Data

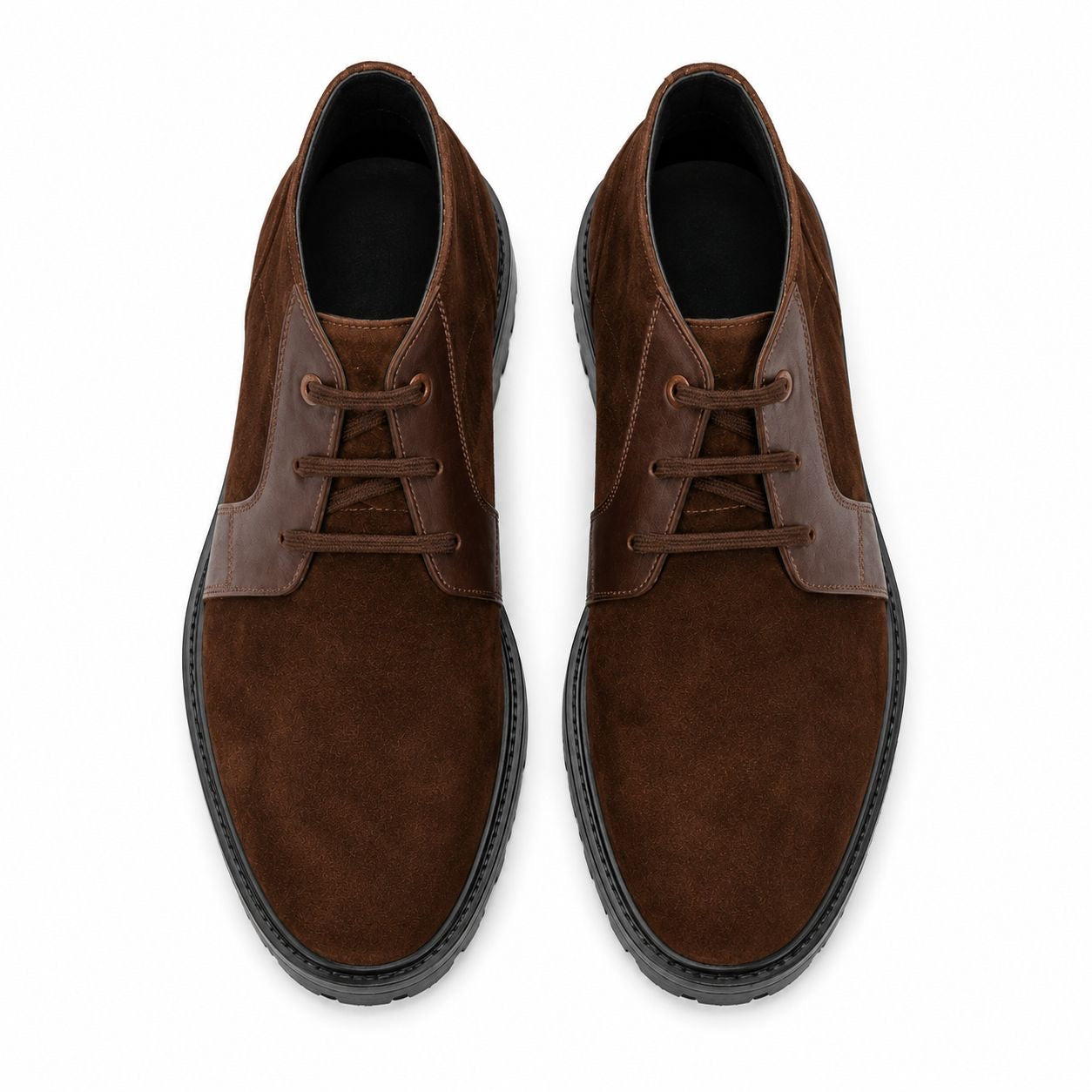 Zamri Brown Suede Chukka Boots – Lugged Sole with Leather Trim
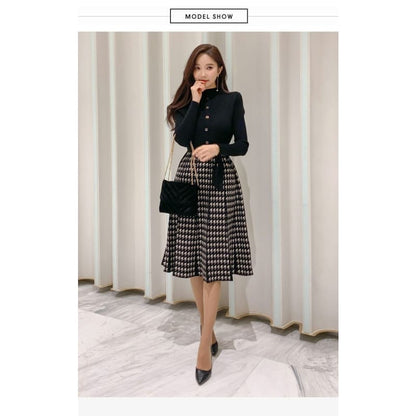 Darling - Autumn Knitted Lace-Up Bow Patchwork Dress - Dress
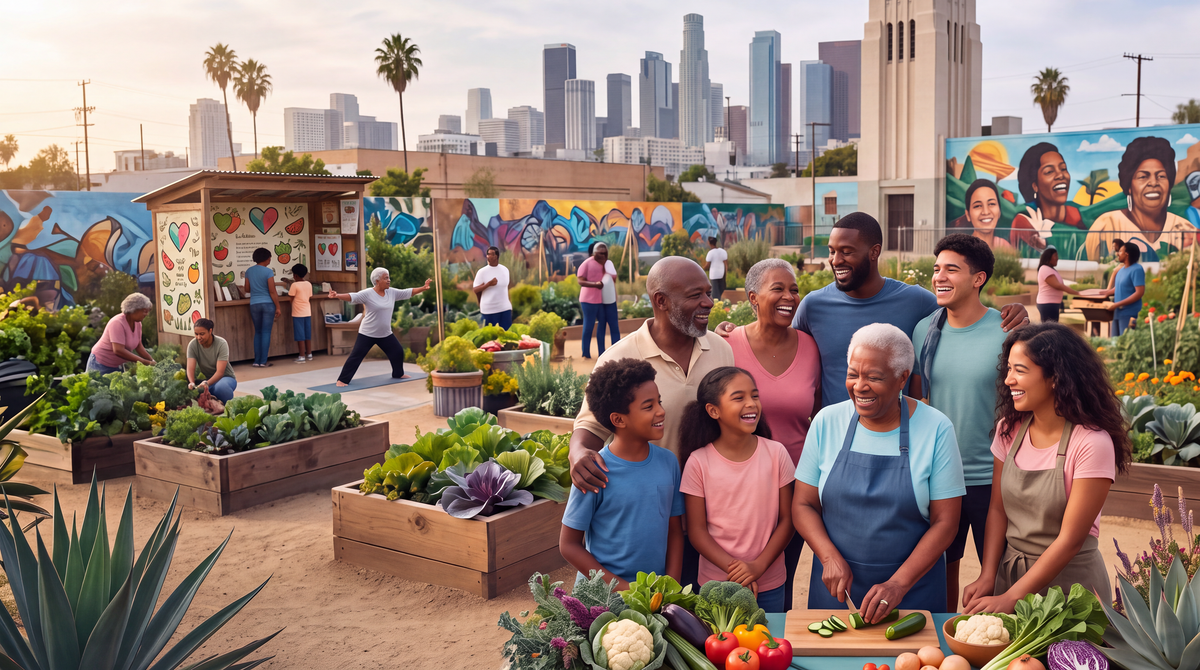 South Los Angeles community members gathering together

Task description
Omit every picture while copying the listing above exactly.

Your solution
 Zamri Brown Suede Chukka Boots – Lugged Sole with Leather Trim
 Darling - Autumn Knitted Lace-Up Bow Patchwork Dress - Dress
 South Los Angeles community members gathering together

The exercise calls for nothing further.